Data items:
━━━━━━━━

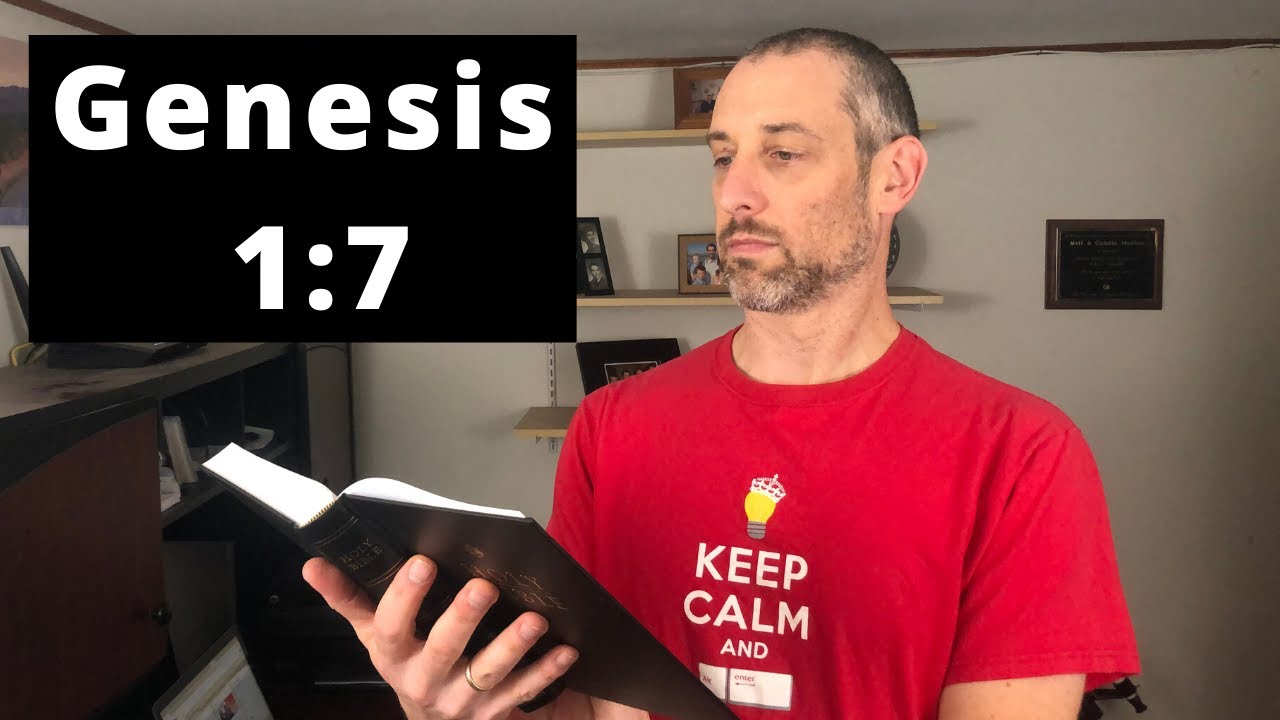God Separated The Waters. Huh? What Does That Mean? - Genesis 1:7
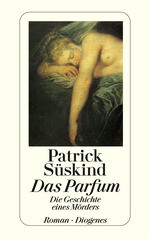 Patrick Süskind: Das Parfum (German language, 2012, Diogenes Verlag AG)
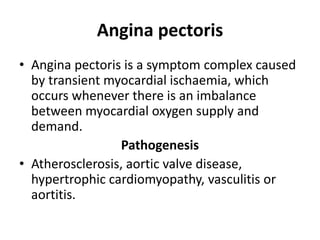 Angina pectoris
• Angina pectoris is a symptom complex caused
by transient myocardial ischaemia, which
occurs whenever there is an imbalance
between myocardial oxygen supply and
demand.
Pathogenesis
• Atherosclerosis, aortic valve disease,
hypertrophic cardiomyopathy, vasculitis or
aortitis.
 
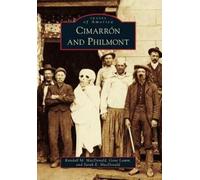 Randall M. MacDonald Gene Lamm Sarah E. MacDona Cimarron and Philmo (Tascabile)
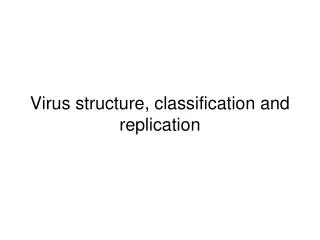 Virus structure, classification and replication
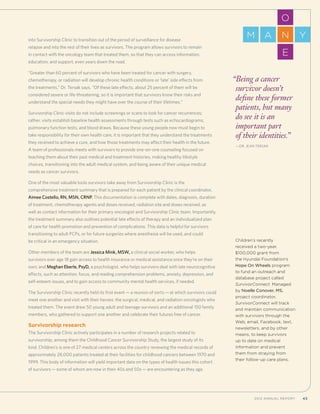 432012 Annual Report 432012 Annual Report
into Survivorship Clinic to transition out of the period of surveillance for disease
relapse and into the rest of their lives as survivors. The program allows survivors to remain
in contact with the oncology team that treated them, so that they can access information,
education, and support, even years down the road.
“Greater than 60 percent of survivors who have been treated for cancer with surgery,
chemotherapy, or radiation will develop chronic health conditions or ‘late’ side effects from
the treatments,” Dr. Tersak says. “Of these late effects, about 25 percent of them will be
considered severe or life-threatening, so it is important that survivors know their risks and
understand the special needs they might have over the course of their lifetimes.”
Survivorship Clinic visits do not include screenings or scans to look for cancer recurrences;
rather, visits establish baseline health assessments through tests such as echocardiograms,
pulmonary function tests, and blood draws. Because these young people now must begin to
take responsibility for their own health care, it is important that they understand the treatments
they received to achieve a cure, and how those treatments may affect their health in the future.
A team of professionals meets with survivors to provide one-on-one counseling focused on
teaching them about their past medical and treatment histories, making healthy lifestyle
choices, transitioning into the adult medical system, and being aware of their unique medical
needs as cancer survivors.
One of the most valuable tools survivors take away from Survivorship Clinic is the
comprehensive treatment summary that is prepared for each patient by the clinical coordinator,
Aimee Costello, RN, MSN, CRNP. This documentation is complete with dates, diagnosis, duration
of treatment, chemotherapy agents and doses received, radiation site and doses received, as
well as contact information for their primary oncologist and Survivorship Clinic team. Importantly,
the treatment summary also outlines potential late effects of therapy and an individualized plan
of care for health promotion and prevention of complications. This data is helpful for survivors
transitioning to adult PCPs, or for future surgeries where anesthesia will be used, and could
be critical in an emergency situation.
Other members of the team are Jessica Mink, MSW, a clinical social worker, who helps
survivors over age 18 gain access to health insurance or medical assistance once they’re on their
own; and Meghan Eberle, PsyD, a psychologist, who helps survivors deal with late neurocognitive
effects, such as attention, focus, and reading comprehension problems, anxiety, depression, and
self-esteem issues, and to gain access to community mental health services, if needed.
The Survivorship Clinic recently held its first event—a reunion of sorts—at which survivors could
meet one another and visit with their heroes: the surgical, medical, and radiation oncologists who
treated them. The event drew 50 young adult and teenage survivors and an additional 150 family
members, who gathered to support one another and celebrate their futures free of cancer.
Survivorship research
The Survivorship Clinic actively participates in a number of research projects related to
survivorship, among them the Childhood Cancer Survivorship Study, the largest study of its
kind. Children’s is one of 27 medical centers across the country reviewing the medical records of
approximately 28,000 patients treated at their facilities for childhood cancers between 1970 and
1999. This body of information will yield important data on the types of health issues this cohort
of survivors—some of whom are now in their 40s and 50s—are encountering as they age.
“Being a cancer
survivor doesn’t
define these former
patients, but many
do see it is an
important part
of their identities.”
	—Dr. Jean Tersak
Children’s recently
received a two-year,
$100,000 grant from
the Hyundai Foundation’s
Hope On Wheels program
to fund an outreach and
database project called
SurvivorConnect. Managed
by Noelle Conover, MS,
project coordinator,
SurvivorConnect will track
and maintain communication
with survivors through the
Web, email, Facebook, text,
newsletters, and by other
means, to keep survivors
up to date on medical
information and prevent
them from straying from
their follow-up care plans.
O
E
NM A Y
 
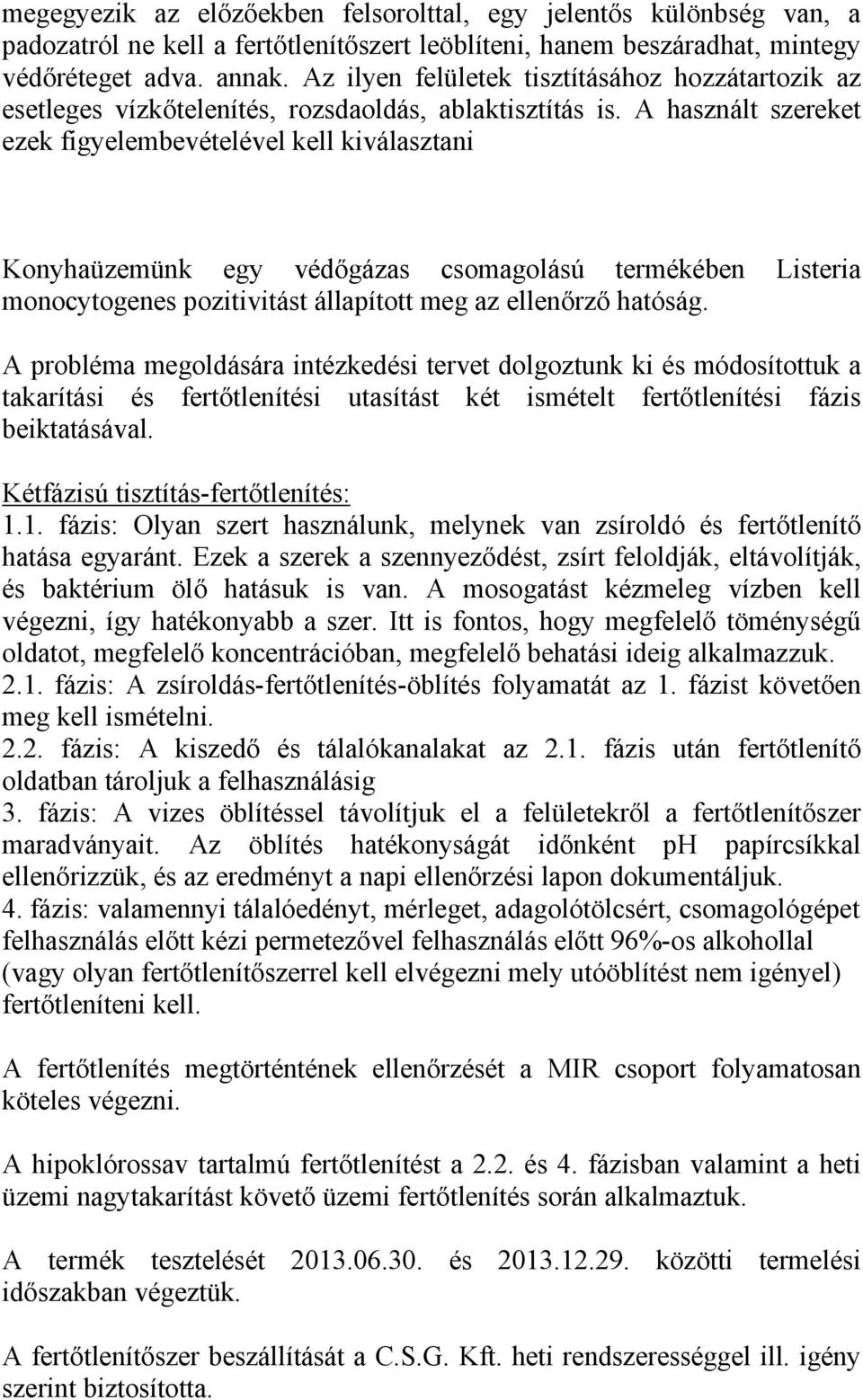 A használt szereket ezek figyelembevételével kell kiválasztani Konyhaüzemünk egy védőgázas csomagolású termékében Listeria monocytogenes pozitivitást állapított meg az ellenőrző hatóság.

━━━━━━━━

Exercise prompt - Which lines of the data include the string "treatments"? Find them and copy each one.

Answer section -
the treatments,” Dr. Tersak says. “Of these late effects, about 25 percent of them will be
take responsibility for their own health care, it is important that they understand the treatments
they received to achieve a cure, and how those treatments may affect their health in the future.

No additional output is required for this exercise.